Засмеялся и Максимов сквозь слезы благодарности, подступавшие ему к горлу от избытка чувств. Поцеловав еще раз руку своей покровительницы, он вышел из ее дома в совсем другом душевном настроении, чем тогда, когда входил в него. От экипажа он отказался и отправился домой пешком.
В воздухе уже пахло приближающейся весной; по улицам текли ручьи таявшего снега, и приходилось очень осторожно перескакивать по мосткам и камням, чтобы не увязнуть в слякоти. Начинало уже темнеть, но Максимов не торопился. Давно не чувствовал он себя таким молодым и бодрым, как в этот вечер. Припоминая сказанное Авдотьей Алексеевной, он все больше проникался убеждением, что наступает конец его испытания. Опять он будет свободен, как восемь месяцев тому назад. Царь всемогущ, ему ничего не стоит развенчать его. Не мог он также допустить мысли, чтобы цесаревич не нашел удобной минуты замолвить за него словечко своему державному родителю.
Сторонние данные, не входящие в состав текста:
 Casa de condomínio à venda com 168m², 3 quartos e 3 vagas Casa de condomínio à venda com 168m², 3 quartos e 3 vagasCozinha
Старая графиня судила об этом иначе; она особенно настаивала на том, чтобы он не очень увлекался надеждой на цесаревича, и советовала ему вооружиться терпением; может быть, пройдет много месяцев, прежде чем его делу будет дан какой-либо ход. Но молодой человек не хотел останавливаться на этой мысли — так отрадно было думать, что ожидаемое счастье близко! Он уже чувствовал его приближение, и в первый раз с тех пор, как стряслась с ним эта беда, тяжелым гнетом давившая день и ночь сердце, ему захотелось молиться.
Как бы в ответ на его призыв к Богу, перед ним засверкали огоньки сквозь окна храма, мимо которого лежал его путь. Максимова потянуло туда. Давно не молился он. Его сердце очерствело от нанесенной ему незаслуженной обиды и, как растение под влиянием жгучего ветра, оцепенело. Сегодня при вести, что цесаревич принял в нем участие, в первый раз слезы умиления подступили к его горлу и не переставали душить его.
Дверь в храм была растворена, слышалось пение. Молодой человек вошел в церковь. Шла всенощная. Максимову показалось, что народу очень много, но вскоре он разглядел, что все толпились у придела, где шла служба; остальная часть храма была почти пуста, и только кое-где очертания одиноких фигур отделялись от теней, черневших в углах, до которых свет зажженных лампад и свечей не достигал. Максимов остановился в одном из этих углов и начал молиться. Мало-помалу им овладело то восторженное настроение, которое знакомо только глубоко верующим, а также исстрадавшимся сердцам, для которых забыться хоть на минуту является потребностью.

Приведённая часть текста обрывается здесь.